## Task statement:
Look below for the line containing "Beaded Circle Necklace Extender Charm 5". Write out that line and the rest through the last one, exactly as they appear, but without pictures.

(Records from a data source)

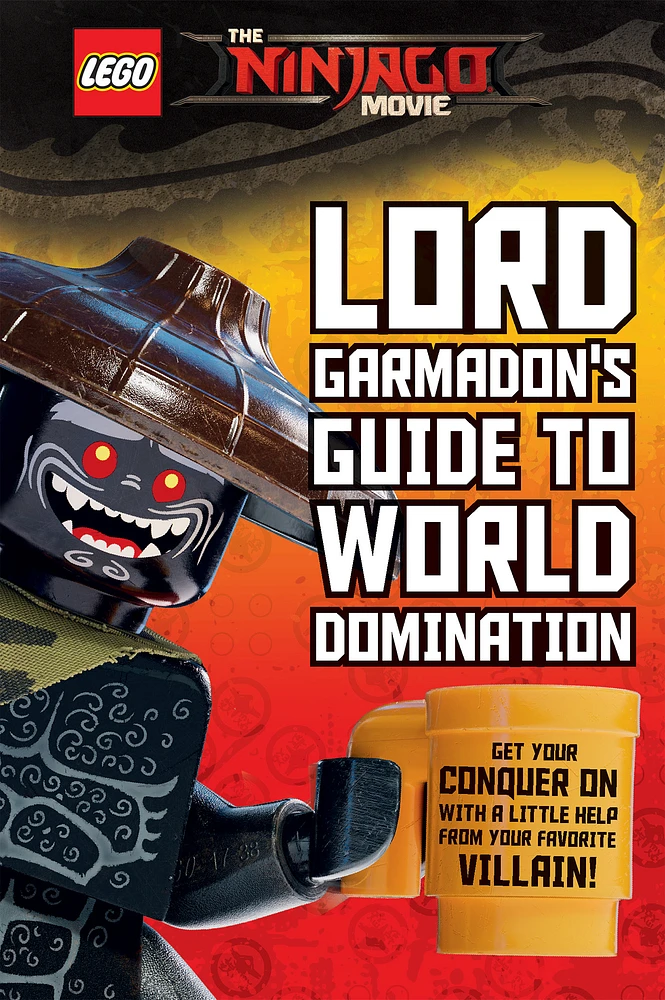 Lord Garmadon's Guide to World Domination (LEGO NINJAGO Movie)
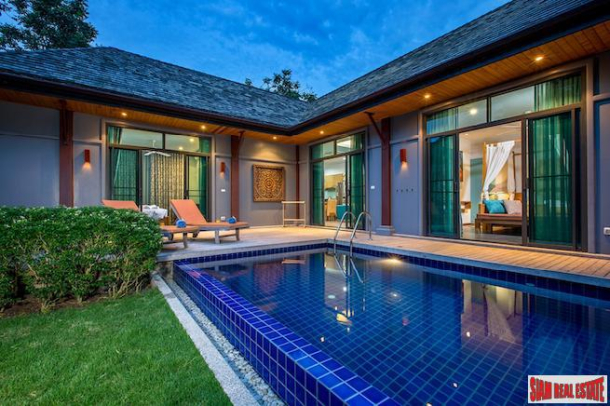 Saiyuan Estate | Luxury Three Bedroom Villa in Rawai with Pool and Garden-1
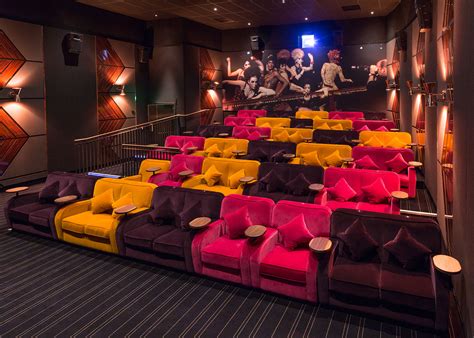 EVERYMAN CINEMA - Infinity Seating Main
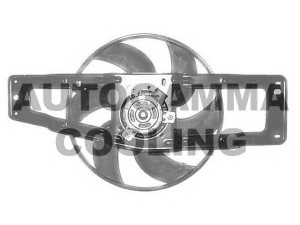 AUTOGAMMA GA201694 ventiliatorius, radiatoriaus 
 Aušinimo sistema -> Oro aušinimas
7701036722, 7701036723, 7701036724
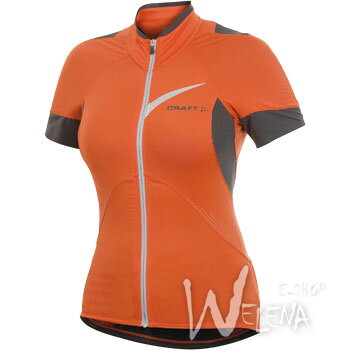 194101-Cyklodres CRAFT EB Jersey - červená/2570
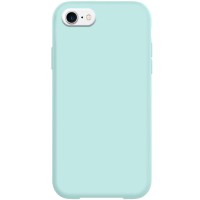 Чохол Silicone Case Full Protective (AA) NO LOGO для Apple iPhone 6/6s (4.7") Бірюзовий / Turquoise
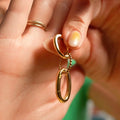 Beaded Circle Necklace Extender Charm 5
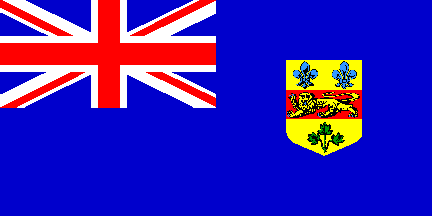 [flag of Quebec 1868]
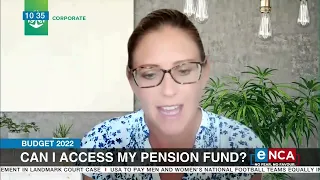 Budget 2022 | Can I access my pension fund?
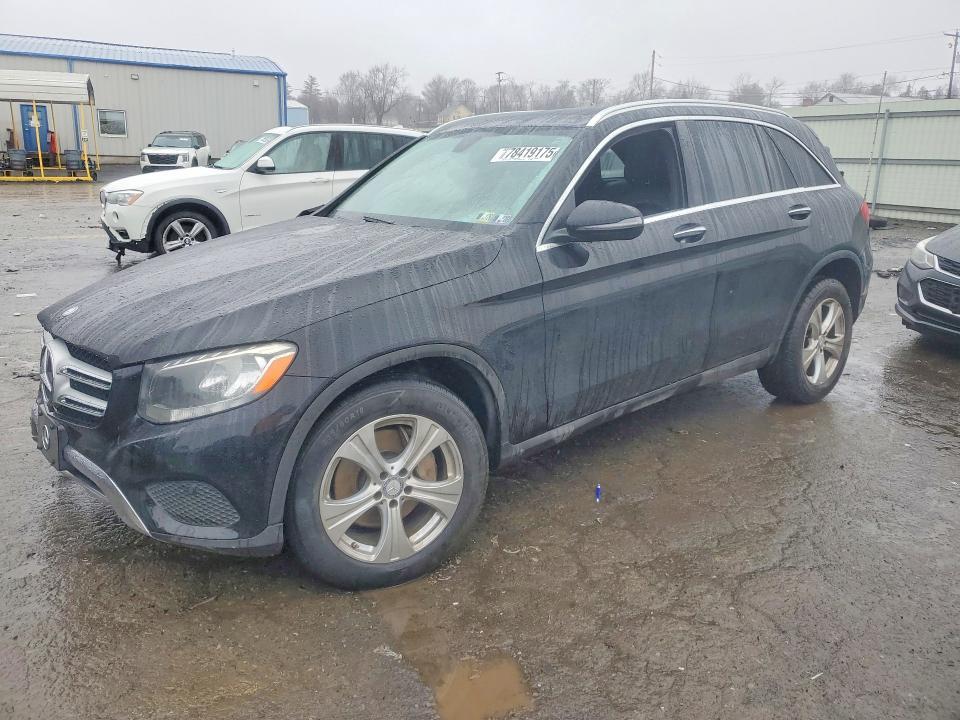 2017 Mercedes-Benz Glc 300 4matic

## Answer box:
 Beaded Circle Necklace Extender Charm 5
 [flag of Quebec 1868]
 Budget 2022 | Can I access my pension fund?
 2017 Mercedes-Benz Glc 300 4matic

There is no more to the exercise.